Kenneth Ballenegger@kob
The more I build Klaw, the more I think durable agents are codebases with language interfaces, not prompts with tool access.
The default agent pattern still feels like:
Write a big prompt.
Give the model a pile of tools.
Hope it reasons through the workflow correctly every time.
That works for demos. It’s not a great foundation for anything you want running every day.
For repeatable work, the agent should not be rediscovering the procedure from scratch. It should be calling something known.
A script.
A CLI.
A queue worker.
A typed adapter.
A deterministic parser.
A database query.
A narrow classifier.
A job with logs, retries, validation, and boring failure modes.
Then the language model does the part it’s actually good at: summarizing messy inputs, drafting text, classifying ambiguous cases, ranking options, explaining results, or choosing between known paths.

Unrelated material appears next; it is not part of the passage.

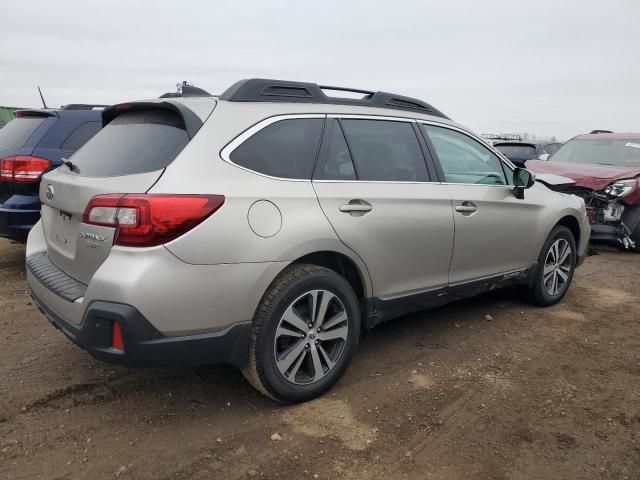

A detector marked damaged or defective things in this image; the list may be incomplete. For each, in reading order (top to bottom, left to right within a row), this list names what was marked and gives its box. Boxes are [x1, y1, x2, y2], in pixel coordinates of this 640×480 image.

red damaged car [528, 132, 640, 251]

This sounds less magical. I think it’s much closer to how useful personal agents actually work.
Code gathers the data.
Code validates it.
Code computes the numbers.
Code checks source-of-truth state.
Code handles retries and side effects.
Then, when needed, the model gets a narrow job:
“Summarize this.”
“Classify this into one of these categories.”
“Explain these options.”
“Draft the reply, using this evidence.”
“Choose the next step from this list.”
That split matters.
If an LLM is doing the math, checking the state, deciding which source of truth matters, and writing the final answer all in one big mushy pass, you’ll eventually get weird failures.
If code computes the answer and the LLM explains it, the system is much easier to trust.
Same for email, travel, finance, contacts, reminders, dashboards, approvals. Basically anything personal enough that being wrong is annoying or expensive.
The job of the agent is not to be clever at every step.
The job is to know which parts should be deterministic and which parts need judgment.
This also changes how “memory” works.
A prompt-first agent wants to stuff more context into the model.
A code-first agent asks:
Where is the source of truth?
What query should retrieve it?
What is the minimum useful context?
What evidence should be attached to the result?
What should be logged so we can debug this later?
That is a very different product.
It’s cheaper.
It’s faster.
It’s easier to test.
It’s easier to audit.
It fails in more obvious ways.
And when something breaks, you fix the primitive instead of rewriting vibes into a longer system prompt.
Natural language still matters. A lot.
The whole point is that I can ask Klaw for an outcome in plain English, and it can assemble context, choose the right workflow, run it, and explain what happened.
But once a pattern repeats, it should graduate out of prompt-land and into code.
That’s where agents start becoming infrastructure instead of chat sessions.
And there’s a second-order effect I think people underweight: once the agent is not just a pile of prompts, you can build real software on top of it.
The interface does not have to be a chatbot.
It can be chat.
It can be a mobile app.
It can be a dashboard.
It can be a button.
It can be a background job that just does the thing.
All the automations, permissions, adapters, databases, logs, and weird little connections between systems already exist underneath. The parts that need judgment can still call the LLM through the harness. But the product surface can be whatever makes sense.
That’s the part I keep coming back to.
The best personal agents will probably feel conversational at the edge and boring underneath.
And once they’re boring underneath, they stop being just agents.
They become a way to build software.